E este aqui? Este é o Ponto de Partida.

Sabe quem tinha um cuidado institucional imenso? Dilma Rousseff. A gente não atribui muito isso a ela. Dilma foi uma presidente tão incompetente politicamente, conduziu tão mal o Brasil em um período difícil, que suas qualidades são esquecidas até dentro do PT. Mas, vejam só, nos piores momentos da Operação Lava Jato, todo mundo e mais alguém batia à porta de seu gabinete. O que Dilma foi pressionada para interferir na Polícia Federal ou no Ministério Público, só os mármores do Planalto se lembram.

E nem com ela, nem com seu ministro da Justiça, José Eduardo Cardozo, houve abertura. O pior, neste caso, é que a Polícia Federal responde ao ministro da Justiça e, portanto, à presidência da República. Sabe aquela fatídica reunião do Bolsonaro, gravada em vídeo, na qual ele diz que vai mexer onde for preciso na Polícia Federal para ninguém mexer com a família dele ou com seus amigos? Pois é. Dilma foi exatamente o contrário disso durante a Lava Jato. Não houve interferiência. Os limites institucionais foram seguidos estritamente.
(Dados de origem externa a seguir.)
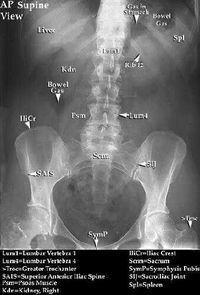 Kub X-ray labeled | What is Abdominal X-Ray or KUB?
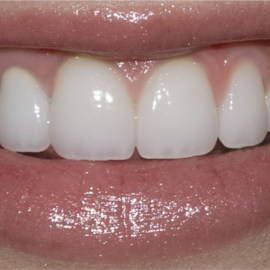 Professional Teeth Whitening | Klinika Mediestetik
Dilma sofreu um impeachment, gente. E este foi um dos motivos principais que levaram ao Centrão querer botar Michel Temer na presidência. Botar alguém, lá, que iria usar o poder da presidência para tentar segurar a Lava Jato. Ele conseguiu. Já estava no fim, não deu para segurar tudo. Temer era hábil politicamente e, bem, estava habituado a jogar o jogo como costuma ser jogado em Brasília.
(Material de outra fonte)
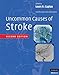 Uncommon Causes of Stroke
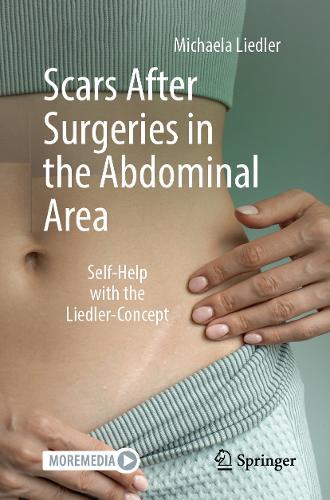 Scars After Surgeries in the Abdominal Area: Self-Help with the Liedler-Concept  by Michaela Liedler at Abbey's Bookshop, 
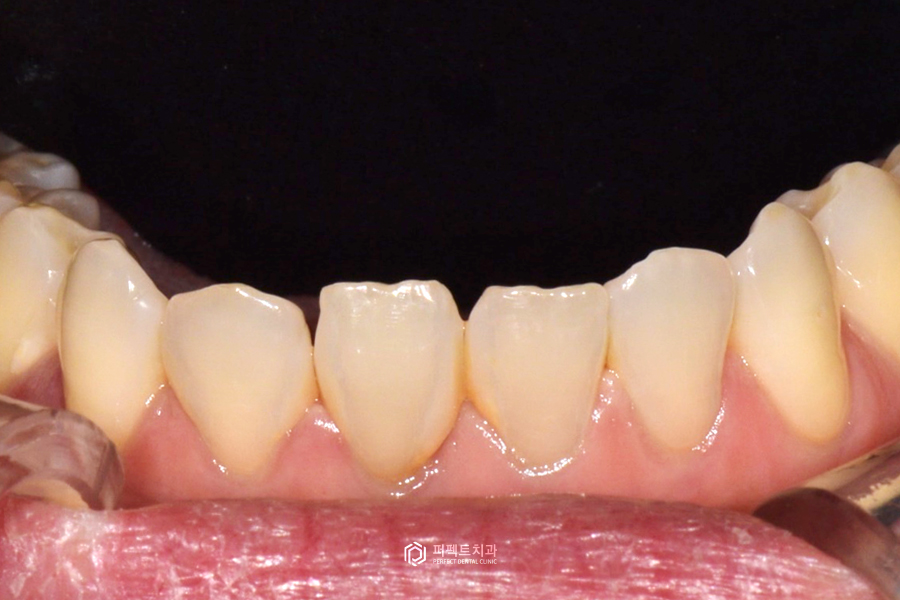 개방교합(open bite)을 라미네이트로 해결할 수 있을까? 관련 이미지 3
O papel da primeira-dama sempre causa escândalo, em geral de forma injusta. Como fica sendo esse cargo que não é cargo, as pessoas sempre cobram. Na tradição era uma coisa mais filantrópica. A mulher de Venceslau Brás e a de Getúlio Vargas gostavam de ajudar a mobilizar gente pra levantar comida, remédios, roupas, para gente pobre ou em grandes tragédias.

A primeira-dama que mudou esse comportamento foi dona Ruth Cardoso. Ela própria era uma antropóloga importante, então entendia a sociedade de uma forma muito distinta. Mas com a lógica da ciência do que da caridade. Decidiu botar de pé um programa fundamental, o Comunidade Solidária, que era técnico. Se organizava em cima de programas que já existiam nos ministérios, tentava reorganizar estes programas. O que veio a ser o Bolsa Família nasceu dali, daquela máquina de organizar a política social do governo.

Dona Ruth, neste sentido, foi uma primeira-dama muito política, mas política no sentido da ação por políticas públicas específicas. Fez um trabalho impecável e, quando Fernando Henrique deixou a presidência, a gente não fala isso o suficiente, uma das obras mais importantes de seu governo aconteceu por conta não dele, mas dela. Uma das obras que está aí, viva até hoje. É o embrião do programa social mais importante da Nova República.

O que dona Ruth fez foi tirar o assistencialismo e botar no lugar programas de transferência de renda direta.

O papel político de qualquer primeira-dama é legítimo. A República pede muito dos parceiros de quem elegemos presidente. Precisam abandonar suas carreiras, porque as chances de conflito são imensas. E porque, com frequência, é do jogo da política que os casais estejam presentes em jantares, em encontros, em toda sorte de momento. Então o marido ou a mulher de presidentes precisam dedicar sua agenda a estar do lado de quem se elegeu. Parcerias políticas nascem desse jogo. Franklin e Eleanor Roosevelt, Bill e Hillary Clinton. Barack e Michelle Obama. Juan e Eva Perón. Néstor e Cristina Kirchner. Claro, Fernando Henrique e dona Ruth. E, sim, Lula e Janja.

Há bons exemplos e há maus exemplos, mas parcerias políticas deste tipo são naturais. Só que tudo muda quando ela sai daquele terreno cercado que são as atribuições do presidente da República. O Brasil é uma democracia liberal onde há independência dos três Poderes. Onde Lula manda, Janja pode dar opinião se quiser. É do jogo. Não pode dar ordens, mas pode dar pitaco e, bem, cada ministro que se entenda com Lula para entender o quanto o pitaco dela vale por ordem sua. É um código que nem sempre é trivial de quebrar, mas repúblicas funcionam assim.

No momento em que Janja cruza a linha, tudo muda. Porque sua autoridade não é sua, é de seu marido. Ele foi eleito presidente da República. Se alguém se sente pressionado por ela, não é dela que vem a pressão. É dele.

A presidência quis pressionar um procurador da República. Se não está claro, hora de ficar. É muito grave.